Намек на «коррупционные фонды», средства из которых помогали улаживать темные делишки, и на людей при должности, на поддержку которых можно было рассчитывать, объясняет неспособность официальных властей положить конец всевозможным безобразиям. Наверное, трудно поверить в то, что, как неоднократно утверждается в плутовских романах, например, в «Гусмане де Альфараче», все судьи были продажны, а все альгвасилы являлись сообщниками воров. Но не может не впечатлять огромное количество обвинений подобного рода, зачастую подтверждавшихся самими властями. «Святая эрмандада» и ее cuadrilleros (жандармы), в обязанности которых входило обеспечение порядка за пределами города, имели ужасную репутацию. «Если на тебе нет никакой вины, — говорит Гусман, — то пусть Бог хранит тебя от „Святой эрмандады“, поскольку „святые жандармы“ все сплошь люди бездушные и приносящие зло; не колеблясь, они обвинят тебя, поклявшись, что говорят правду, в том, чего ты не совершал и чего они не могли видеть, просто потому, что им заплатили или даже за кувшин вина, полученный за лжесвидетельство». Те же обвинения мы находим в решениях муниципалитета города Осуны, в Андалусии, который, «считая, что многие жандармы не подчиняются своим алькальдам и даже замешаны в доносах и других делах, не входящих в их компетенцию, что приносит большой вред и ущерб», запретил им покидать город без специального приказа судебных властей.{249} Недоверие правительства к своим собственным служителям юстиции и полиции засвидетельствовано также королевскими указами, изданными в 1610 и 1613 годах, в которых, с одной стороны, им запрещалось посещать таверны, а с другой — хозяевам этих заведений и всевозможным торговцам запрещалось обслуживать их в долг.{250}
Но было бы абсурдом обобщать: уголовная полиция зачастую вполне серьезно относилась к своим обязанностям и принималась за очистку города от самых опасных преступников. Для тех, кто попадал в руки судей, наказания были безжалостными, и показательный характер, придававшийся казням, становился все более устрашающим. Приговоренный к смерти, одетый в белую тунику и голубой колпак (это облачение называлось «одеянием „Непорочного зачатия“» и гарантировало прощение небес тому, кто его надел), проделывал свой последний путь — от тюрьмы до эшафота — верхом на муле или осле с руками, привязанными к распятию, с недоуздком на шее и в сопровождении двух монахов, которые наставляли его перед смертью. Перед ним ехал глашатай, возвещавший обо всех его злодеяниях; сзади верхом на конях ехали поймавший его альгвасил и судья, приговоривший его к смерти. Процессия останавливалась перед каждым святым образом или церковью, которые встречались у нее на пути, чтобы произнести молитву. После казни (обычно через повешение, поскольку обезглавливание считалось привилегией дворян) тело четвертовали и части его выставлялись на перекрестках и при въезде в город.
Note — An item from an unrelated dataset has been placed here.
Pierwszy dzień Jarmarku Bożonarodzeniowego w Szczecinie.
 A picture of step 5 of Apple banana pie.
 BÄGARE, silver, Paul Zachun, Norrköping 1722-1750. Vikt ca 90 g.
Для тех, кто знал, что его разыскивает полиция, все-таки был один способ спастись — священное убежище в стенах церкви, зачастую огражденной решетками или цепями, территория которой по этой причине превратилась в место встреч бандитов. Укрывшихся преступников снабжали едой их еще не попавшиеся приятели или женщины легкого поведения, превращавшие святое место в бордель…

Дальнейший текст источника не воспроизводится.